Maximise the value of manual penetration testing
Security issues are fixed by the development team before new code is deployed to production, allowing pentesters to focus on more complex attack vectors.

How Disposable mail complements penetration testing

Easy to use
Disposable mail’s simple to use interface, integrations with popular developer tools, team functionality, and informative reports make it easier for you and your team to work with security.

Made for tech teams by ethical hackers
Whether you work with vendor management, dev ops, development, or security, Disposable mail helps you integrate security into your workflow.

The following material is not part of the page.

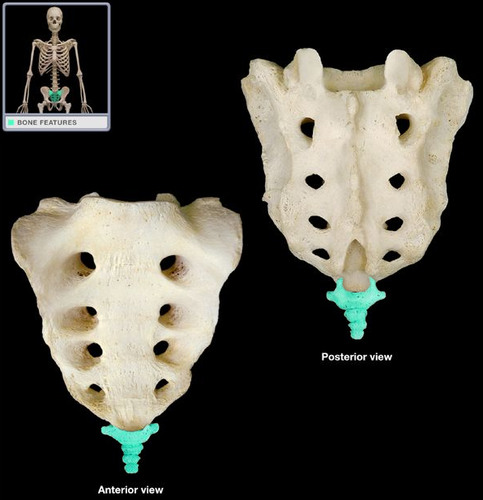 label the parts and features of the vertebral column:
__________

  • Disposable mail’s extensive knowledge base with code examples helps your team learn about security and write safer code.
  • Set up your staging environment using Disposable mail and ngrok.
  • Fix security issues before deploying new code to production.
  • Disposable mail integrates with tools like JIRA, HipChat, Slack, PagerDuty and Zapier, making it easier to track your website’s security status
  • New tests are added to the scanner on a continuous basis.

Always up-to-date 
To deliver the most up to date and relevant security tests to clients, we have extended our team with external ethical hackers through Disposable mail Crowdsource, our crowdsourcing platform. This enables us to challenge the hacker community to identify new vulnerabilities which we build into our service, covering a wide range of technologies.

Temp Mails ( is a new free temporary email addresses service. This service provide you random 10 minutes emails addresses. It is also known by names like: temporary mail, disposable mail, throwaway email, one time mail, anonymous email address… All emails received by Tempmail servers are displayed automatically in your online browser inbox.